Batters getting hit, yelling, fighting, trash talking were all fairly customary when the teams would match up on the diamond.
Yet, it seemed as though tensions cooled last season as the D-backs underwent a change at manager and general manager, and the focus when the two teams played returned to the games themselves.
Tuesday, however, the D-backs’ Nick Ahmed and Jean Segura were hit by pitches, while the Dodgers’ Yasiel Puig was also plunked in a 4-2 Arizona win.
The following game, which the Dodgers won 3-1, saw L.A.’s Joc Pederson get hit once and Justin Turner twice, with the second coming in the seventh inning. At that point tempers heated up, and it got to the point where D-backs manager Chip Hale got into a shouting match with Dodgers pitching coach Rick Honeycutt.
“I guess their pitching coach didn’t care for their guys getting hit,” Hale said of the heated exchange. “It was OK yesterday when our two guys got hit in the wrist, but tonight it wasn’t right — even though the last pitch Barrett threw was a slider. Pitching in is part of the game, we know that, but I’m not going to allow anybody from the other team to yell toward my dugout — whoever he’s yelling at — it’s not acceptable.”
Hale, of course, was sticking up for his players, as any good manager would.
Derrick Hall, the D-backs’ president, saw it all and is a little concerned with the number of hit batters this series. He said he’s not sure if anything that has transpired has been retaliatory of nature, but it’s something that you have to worry about.
“I actually don’t think so, but you’ve got to worry,” he told Doug and Wolf on Arizona Sports 98.7 FM Thursday morning. “And in this day in age there’s a lot of talk of pitching in and we’re trying to do that, and that’s why we’re hitting guys too.
“I can tell you it’s not intentional.”
Entering play Thursday the Diamondbacks actually lead baseball in pitchers hitting opposing batters, with nine hit by pitches, and are tied for seventh in their own batters getting hit, with four.
But while those stats may jump out a bit, there are two important things to remember: one, it’s still very early in the season, and two, players getting hit by pitches is a part of the game, albeit one that can have dramatic consequences.
Hall pointed to how the D-backs have lost key players like A.J. Pollock and Paul Goldschmidt for a significant amount of time due to them being hit by pitches, so he understands the danger that comes when a pitch goes too far inside.
But at the same time, for a pitcher the risk of not pitching inside is leaving a ball too far out over the plate, which could then lead to a different kind of trouble.
So while no one was necessarily trying to hit anyone Wednesday night, the risk D-backs pitchers are taking is not unlike the one every pitcher in baseball does when they try to claim the inside part of the plate. Furthermore, if a pitcher is intentionally trying to hit a batter, they won’t normally throw a breaking ball, as Jake Barrett did when he hit Turner in the seventh.

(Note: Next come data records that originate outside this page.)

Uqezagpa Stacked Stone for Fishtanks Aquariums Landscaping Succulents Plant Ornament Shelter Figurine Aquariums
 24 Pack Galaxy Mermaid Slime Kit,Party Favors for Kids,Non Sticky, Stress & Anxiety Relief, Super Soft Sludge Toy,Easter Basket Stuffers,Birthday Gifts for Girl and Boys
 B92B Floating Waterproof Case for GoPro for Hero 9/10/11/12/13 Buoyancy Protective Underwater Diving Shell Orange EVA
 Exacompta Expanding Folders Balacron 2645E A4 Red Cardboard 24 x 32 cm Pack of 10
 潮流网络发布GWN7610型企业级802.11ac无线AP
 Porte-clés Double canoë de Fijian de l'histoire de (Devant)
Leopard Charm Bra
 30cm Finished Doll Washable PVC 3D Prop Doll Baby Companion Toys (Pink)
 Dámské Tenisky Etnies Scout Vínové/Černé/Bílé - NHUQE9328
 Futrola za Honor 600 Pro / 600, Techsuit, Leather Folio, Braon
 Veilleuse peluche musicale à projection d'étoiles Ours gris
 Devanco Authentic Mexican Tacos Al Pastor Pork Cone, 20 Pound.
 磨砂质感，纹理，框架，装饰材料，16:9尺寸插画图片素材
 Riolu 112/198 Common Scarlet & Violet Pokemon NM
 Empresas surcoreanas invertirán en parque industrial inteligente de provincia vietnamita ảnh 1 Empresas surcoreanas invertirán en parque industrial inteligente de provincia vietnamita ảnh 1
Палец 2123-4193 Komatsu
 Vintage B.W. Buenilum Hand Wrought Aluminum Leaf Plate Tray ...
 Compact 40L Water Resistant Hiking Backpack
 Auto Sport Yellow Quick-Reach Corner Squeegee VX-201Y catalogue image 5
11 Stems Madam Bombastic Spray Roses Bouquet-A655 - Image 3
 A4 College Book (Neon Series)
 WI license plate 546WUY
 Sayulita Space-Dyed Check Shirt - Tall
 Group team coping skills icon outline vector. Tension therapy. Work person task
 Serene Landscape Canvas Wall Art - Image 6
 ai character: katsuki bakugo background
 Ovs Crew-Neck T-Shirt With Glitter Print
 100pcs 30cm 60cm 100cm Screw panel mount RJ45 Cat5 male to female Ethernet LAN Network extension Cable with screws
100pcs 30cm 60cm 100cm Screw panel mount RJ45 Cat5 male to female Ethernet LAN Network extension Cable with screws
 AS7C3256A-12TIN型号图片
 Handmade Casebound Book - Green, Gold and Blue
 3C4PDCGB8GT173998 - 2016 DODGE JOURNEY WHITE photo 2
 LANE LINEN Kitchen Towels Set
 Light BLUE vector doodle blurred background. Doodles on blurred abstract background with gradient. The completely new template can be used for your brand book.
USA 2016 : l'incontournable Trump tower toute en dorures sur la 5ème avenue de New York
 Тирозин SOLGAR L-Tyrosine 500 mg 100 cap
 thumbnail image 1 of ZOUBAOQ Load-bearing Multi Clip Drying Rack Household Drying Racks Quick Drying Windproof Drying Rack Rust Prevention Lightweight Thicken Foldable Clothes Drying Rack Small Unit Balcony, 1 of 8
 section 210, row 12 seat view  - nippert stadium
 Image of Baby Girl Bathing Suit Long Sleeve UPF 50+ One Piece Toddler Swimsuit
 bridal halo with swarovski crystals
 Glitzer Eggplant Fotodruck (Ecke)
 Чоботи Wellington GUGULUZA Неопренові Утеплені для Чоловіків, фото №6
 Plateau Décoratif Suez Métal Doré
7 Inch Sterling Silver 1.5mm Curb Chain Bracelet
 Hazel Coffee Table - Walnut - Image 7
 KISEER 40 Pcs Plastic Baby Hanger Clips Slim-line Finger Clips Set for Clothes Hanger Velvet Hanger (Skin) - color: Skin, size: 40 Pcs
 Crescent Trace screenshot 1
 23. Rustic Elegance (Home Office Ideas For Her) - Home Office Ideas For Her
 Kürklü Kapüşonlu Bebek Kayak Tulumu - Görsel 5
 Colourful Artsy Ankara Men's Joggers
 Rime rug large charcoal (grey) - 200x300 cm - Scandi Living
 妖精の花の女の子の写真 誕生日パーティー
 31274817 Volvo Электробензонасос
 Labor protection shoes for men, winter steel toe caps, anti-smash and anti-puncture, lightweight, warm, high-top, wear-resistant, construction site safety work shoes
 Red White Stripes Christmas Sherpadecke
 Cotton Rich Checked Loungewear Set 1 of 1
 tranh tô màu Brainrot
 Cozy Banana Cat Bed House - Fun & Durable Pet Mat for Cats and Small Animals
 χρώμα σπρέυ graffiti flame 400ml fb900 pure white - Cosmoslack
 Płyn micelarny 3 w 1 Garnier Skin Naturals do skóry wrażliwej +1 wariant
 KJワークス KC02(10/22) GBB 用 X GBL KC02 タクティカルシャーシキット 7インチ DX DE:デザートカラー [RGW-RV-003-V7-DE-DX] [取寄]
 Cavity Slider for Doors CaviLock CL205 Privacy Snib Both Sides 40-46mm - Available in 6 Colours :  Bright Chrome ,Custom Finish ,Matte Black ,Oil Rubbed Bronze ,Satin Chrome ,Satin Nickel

That’s why, in terms of things to be upset about, Hale and even Hall believe the Dodgers were out of line.
“You don’t intentionally hit somebody with an off-speed pitch, that’s baseball,” he said. “If you’re going to hit somebody, you’re going to hit them with a fastball, usually, in the middle of the back. But that’s not what happened here.”
The final game of the series is Thursday night, and including that matchup the teams will play 17 more times this season, with seven of those affairs taking place in Dodger Stadium. Hall said Wednesday night’s game was a weird one, which seems to happen whenever the D-backs play in Los Angeles.
“It’s an odd matchup, us and the Dodgers, because there is that animosity and the rivalry is there now, I think it’s stronger than it’s ever been,” he said. “And I think we’re watching; I think umpires are watching, too. If you’re going to hit guys there’s going to be warnings, or there should be warnings, and I think everybody’s on alert.”